Some of the best installation work can make you believe, even for a split second, that you have entered another world, or a place totally alien or unfamiliar. Artists have made naturally occurring phenomena like clouds appear in a gallery setting using a handful of tactics, but this work by Kohei Nawa uses foam to achieve it’s cloud-like effervescence.
The installation reads like a greyscale landscape of primordial ooze, with mountain-like ridges and valleys suspended on a layer of black sand. It’s lit in such a way that some portions of the foam take on the appearance of clouds, while some remain ambiguous, melting blobs.
All Images: Foam, 2013. Mixed media. Photo by Nobutada Omote, courtesy of SANDWICH.

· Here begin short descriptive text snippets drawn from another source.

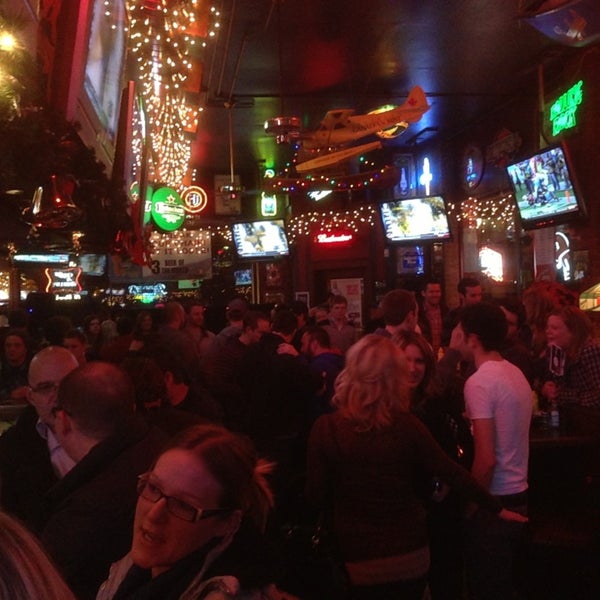Photo taken at Tanner&#39;s Bar &amp; Grill by Rodney on 12/29/2012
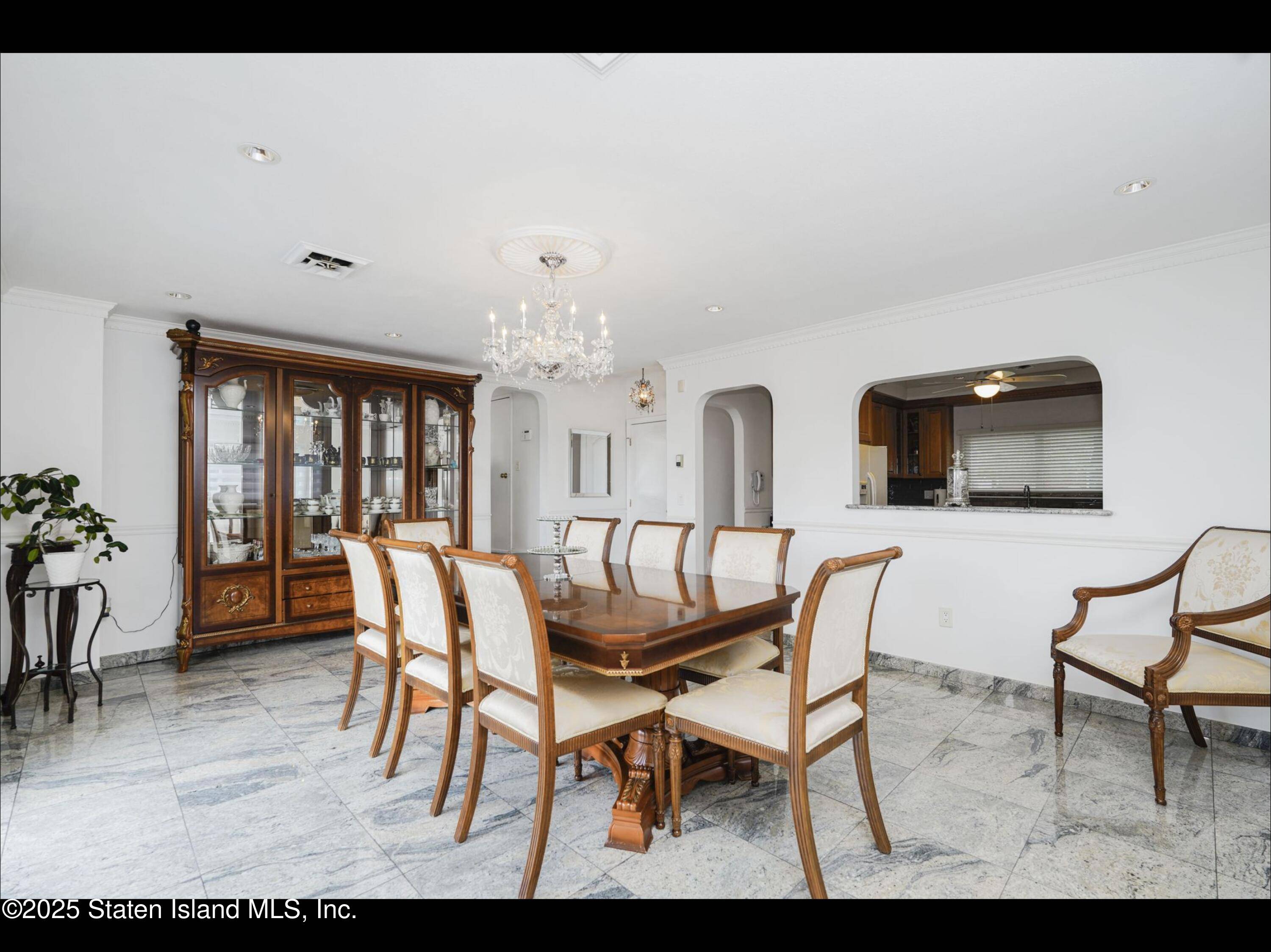 Staten Island, NY 10304,120 Overlook AVE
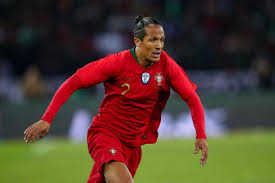 Bruno alves, zenit formasıyla futbola portekiz takımı porto 'nun altyapısına başlayan alves, ülkesinin farense ve vitória guimarães takımları ile yunanistan 'ın aek ekibinde kiralık olarak oynamıştır. Rangers Defender Bruno Alves Left On Bench As Portugal Are Battered By Holland Daily Record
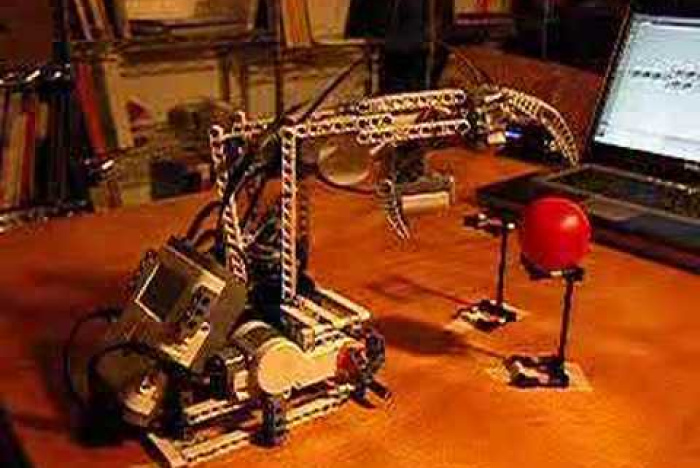 Idé nr. 18 till gymnasiearbete i Fysik/Teknik: Mera Lego Mindstorms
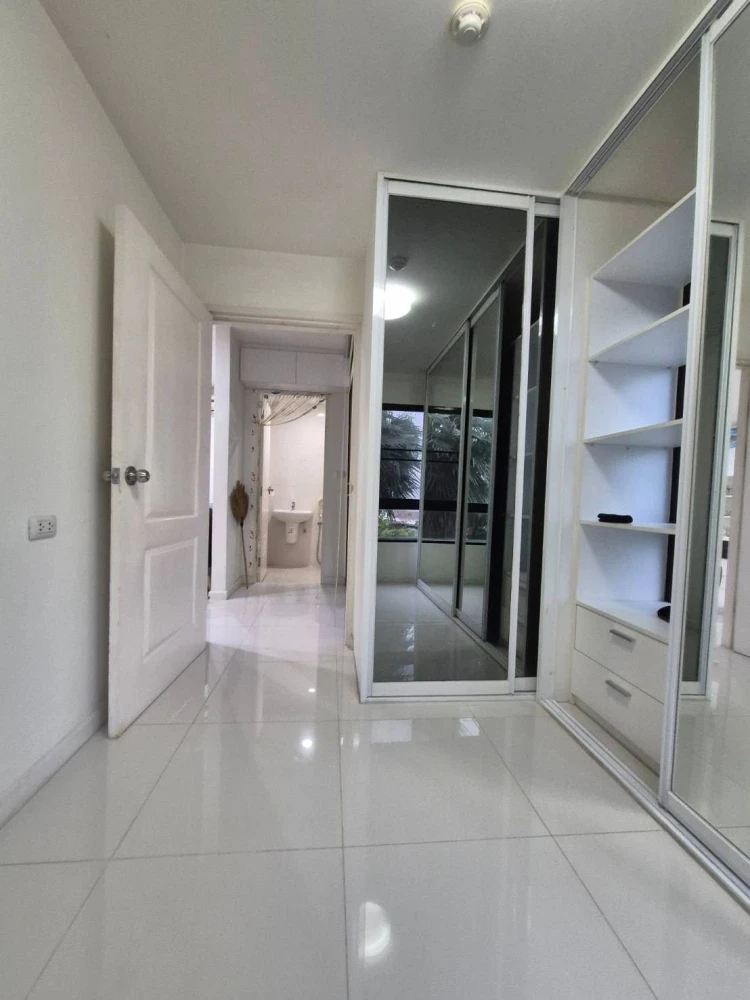 For sale: iCondo Sukhapiban 2, spacious rooms with plenty of usable space, comes with complete amenities. Reserve now!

Tetsuo Kondo Architects teamed up with a German climate engineering firm called Transsolar to create this, an indoor atmosphere complete with clouds. They managed this feat by pumping three layers of air into the room: “cool dry air at the bottom that keeps the cloud floating, hot humid air in the middle to fashion a dense fog and hot dry air at the top.” The project’s creators also decided to include a circular ramp so visitors can walk through the clouds above them. This reminds me of Damien Hirst‘s claim that someday he would find a way to create an indoor rainbow in a gallery (I’m not sure he’s been able to pull it off yet). Either way, it’s pretty amazing how much this indoor atmosphere changes the room’s perceived size.